In the apparatus shown in FIG. 9, pure water is supplied to the membrane degassing module 11 of the deoxidation system. "Liqui-Cel G284" manufactured by Celgard was used as the membrane degassing module 11. The gas phase side of the membrane degassing module 11 was decompressed by a pump 12, and degassing treatment was performed so that the dissolved oxygen concentration became a predetermined concentration. For the water having the dissolved oxygen concentration reduced by the membrane degassing module 11, a predetermined amount of IPA is added as a TOC component through the storage tank 51 and the pump 52. Thereby, to-be-processed water which reduced the dissolved oxygen concentration was produced. Further, a predetermined amount of H ₂ O _{2 is} added to the water to be treated by the storage tank 21 and the pump 22. Part of the treated water to which H ₂ O ₂ was added was shunted out, and the dissolved oxygen concentration and the TOC concentration thereof were measured online using a dissolved oxygen meter (DO meter) 56 and a TOC meter 57, respectively. The DO meter 56 uses DO-30A manufactured by TOA Electronics, and the TOC meter 57 uses a SIEVERS900 type TOC meter manufactured by Sievers.
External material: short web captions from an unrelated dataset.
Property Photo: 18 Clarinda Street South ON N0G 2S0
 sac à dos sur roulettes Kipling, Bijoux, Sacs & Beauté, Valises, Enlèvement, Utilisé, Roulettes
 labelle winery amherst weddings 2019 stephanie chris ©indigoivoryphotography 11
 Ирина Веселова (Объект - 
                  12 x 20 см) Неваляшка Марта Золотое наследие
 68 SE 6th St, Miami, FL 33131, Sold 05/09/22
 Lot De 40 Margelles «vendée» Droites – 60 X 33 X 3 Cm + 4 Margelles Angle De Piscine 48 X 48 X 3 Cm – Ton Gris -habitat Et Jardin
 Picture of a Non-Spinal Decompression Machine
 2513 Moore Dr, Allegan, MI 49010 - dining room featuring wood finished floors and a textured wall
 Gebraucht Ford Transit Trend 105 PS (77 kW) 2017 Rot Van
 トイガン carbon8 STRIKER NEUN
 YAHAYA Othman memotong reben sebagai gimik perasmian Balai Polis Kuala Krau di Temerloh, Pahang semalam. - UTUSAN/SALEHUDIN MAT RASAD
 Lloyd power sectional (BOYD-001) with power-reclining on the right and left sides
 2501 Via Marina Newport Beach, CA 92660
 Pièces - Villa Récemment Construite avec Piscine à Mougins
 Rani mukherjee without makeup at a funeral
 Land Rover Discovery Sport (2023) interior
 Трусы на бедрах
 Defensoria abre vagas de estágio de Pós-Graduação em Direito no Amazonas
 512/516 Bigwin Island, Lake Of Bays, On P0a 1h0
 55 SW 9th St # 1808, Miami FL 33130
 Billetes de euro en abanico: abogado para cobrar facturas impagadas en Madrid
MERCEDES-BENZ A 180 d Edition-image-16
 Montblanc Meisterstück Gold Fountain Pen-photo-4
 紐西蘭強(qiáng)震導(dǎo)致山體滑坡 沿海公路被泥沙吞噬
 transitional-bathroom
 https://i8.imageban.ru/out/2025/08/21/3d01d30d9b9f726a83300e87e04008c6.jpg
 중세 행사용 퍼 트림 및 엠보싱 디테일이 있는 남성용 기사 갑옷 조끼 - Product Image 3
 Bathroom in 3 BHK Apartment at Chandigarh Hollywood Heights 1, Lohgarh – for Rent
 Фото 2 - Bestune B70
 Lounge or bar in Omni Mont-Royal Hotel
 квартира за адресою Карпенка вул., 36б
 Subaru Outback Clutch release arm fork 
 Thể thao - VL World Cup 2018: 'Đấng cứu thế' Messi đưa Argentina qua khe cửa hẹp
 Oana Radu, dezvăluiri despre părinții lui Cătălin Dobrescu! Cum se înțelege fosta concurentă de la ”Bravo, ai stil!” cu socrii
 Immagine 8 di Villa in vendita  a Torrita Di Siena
The dissolved oxygen concentration measured by the DO meter 56 is the dissolved oxygen concentration in the outlet water of the membrane degassing module 11, that is, the dissolved oxygen concentration at the inlet of the ultraviolet oxidation device 31. The TOC measurement value TOC0 measured by the TOC meter 57 is the TOC concentration of the treated water.

The water on the undivided side of the treated water to which H ₂ O ₂ is added is supplied to the ultraviolet oxidation device 31. The ultraviolet oxidizing device 31 uses JPW-2 manufactured by Japan Photoscience Corporation. In the ultraviolet oxidizing device 31, four low-pressure ultraviolet lamps (wavelength of 165W manufactured by Japan Science Corporation) are arranged to generate both light having a wavelength of 254 nm and light having a wavelength of 185 nm. AZ-9000W) as an ultraviolet lamp. The DO meter 41 was used to measure the dissolved oxygen concentration in the outlet water of the ultraviolet oxidizing device 31, and a part of the outlet water of the ultraviolet oxidizing device 31 was shunted out and passed to the ion exchange device 35. The TOC meter 58 was used to measure the The outlet water is the TOC concentration TOC1 of the treated water of the water treatment device. As DO meter 41, DO-30A manufactured by TOA Electronics was used, and as TOC meter 58, a SIEVERS900 type TOC meter manufactured by Sievers was used.

As the ion exchange device 35, a mixed bed type ion exchange device is used. The mixed-bed ion exchange device is a cylindrical container (inner diameter: 25 mm, height: 1000 mm) made of acrylic resin, and the container is filled with a 300 mL mixed-bed ion-exchange resin (EG-5A: manufactured by Olugaonau) By. At this time, the height of the ion exchange resin layer was about 600 mm.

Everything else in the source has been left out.